云溪看了看柳二草,唇角勾起一丝嘲弄道:“曼陀罗开花于每年的六月到十一月,这个时候可没有花,不过曼陀罗本身也会致幻,是不是挖到曼陀罗了?”
柳二草不确定云溪这样说是什么目的,只能一边装哭,一边低声道:“我也不知道,我见到绿色的就挖,不知道是不是刚好挖到了!”
“哎!二草也不认识,估计是太饿了,以为是能吃的!”柳三爷似乎反应了过来,叹息一声道:“算了,大家还是看下,怎么处理这对父子吧!”
云溪呵呵冷笑两声道:“曼陀罗只要零下就会被冻死,前些天雪灾,别说野菜一类的,连山上都看不见一个嫩芽,你挖的是什么,你自己最清楚。再说就柳重父子,别说没有野菜汤,就算有,他们两个会愿意吃?”

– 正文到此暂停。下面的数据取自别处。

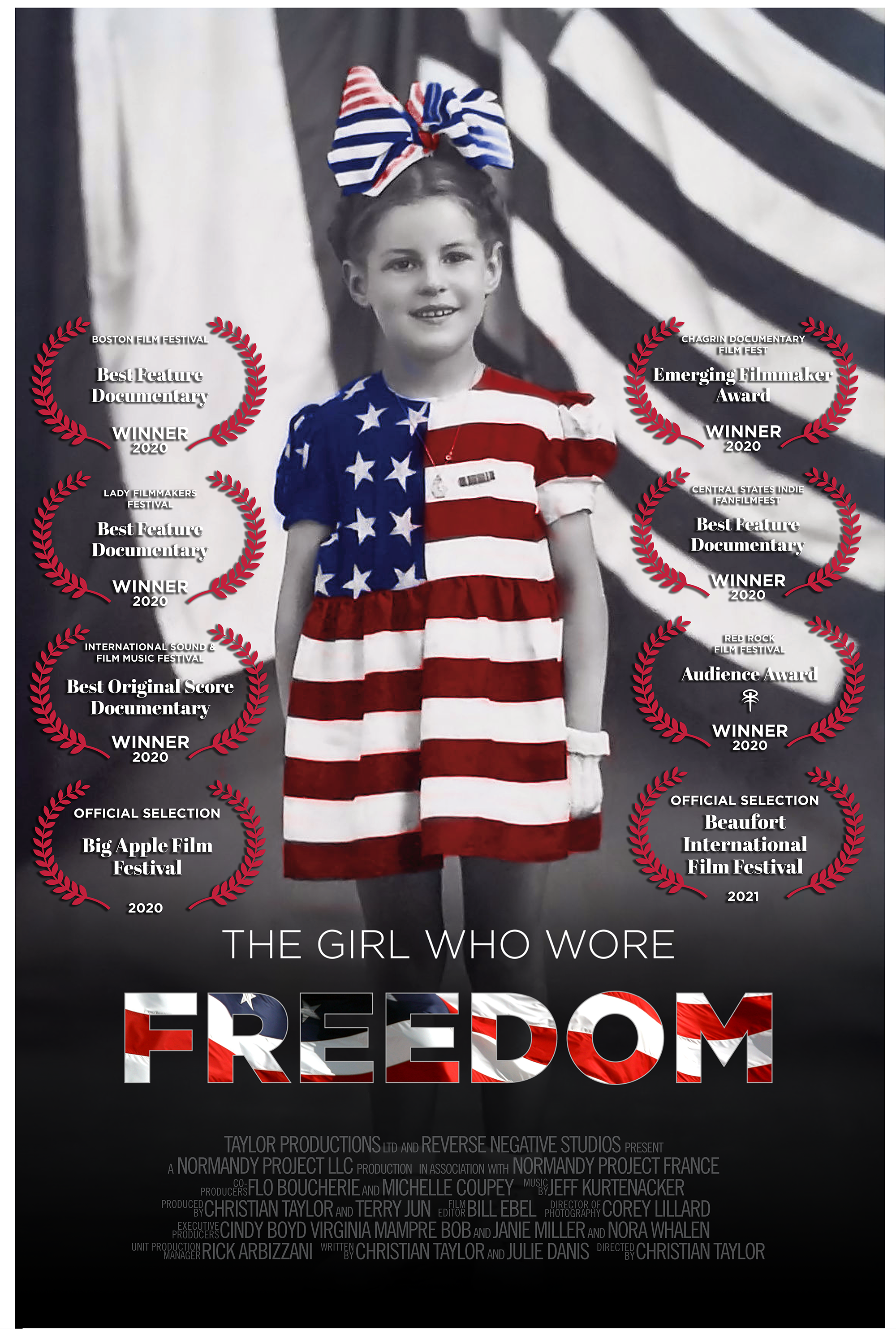 TGWWF_Poster-ForWeb2 The Girl Who Wore Freedom movie poster vertical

此言一出,众人这才反应过来,以这对父子闹腾的程度,怎么可能去抢什么野菜,再说大雪封山好几天,哪里有什么野草野菜的,要是有绿色能吃的,他们也去挖了!这说明什么问题,柳二草骗他们呢!为什么骗他们呢,那只能因为柳重父子的死有蹊跷!
细思极恐,众人看向她的目光,再也没有半点同情了!
“另外现在水都快到了房子这边,人若是埋在地下,一旦腐烂,那就会把有毒的东西带到水里,日后我们喝水就会有问题,所以这尸体只能火化了!”云溪说了一句,便打个哈欠向后走去,倒不是怕曼陀罗花的毒性对大家的影响,而是担心尸体腐烂带了各种细菌,到时候都是麻烦。她这么说,也是想让大家紧张起来。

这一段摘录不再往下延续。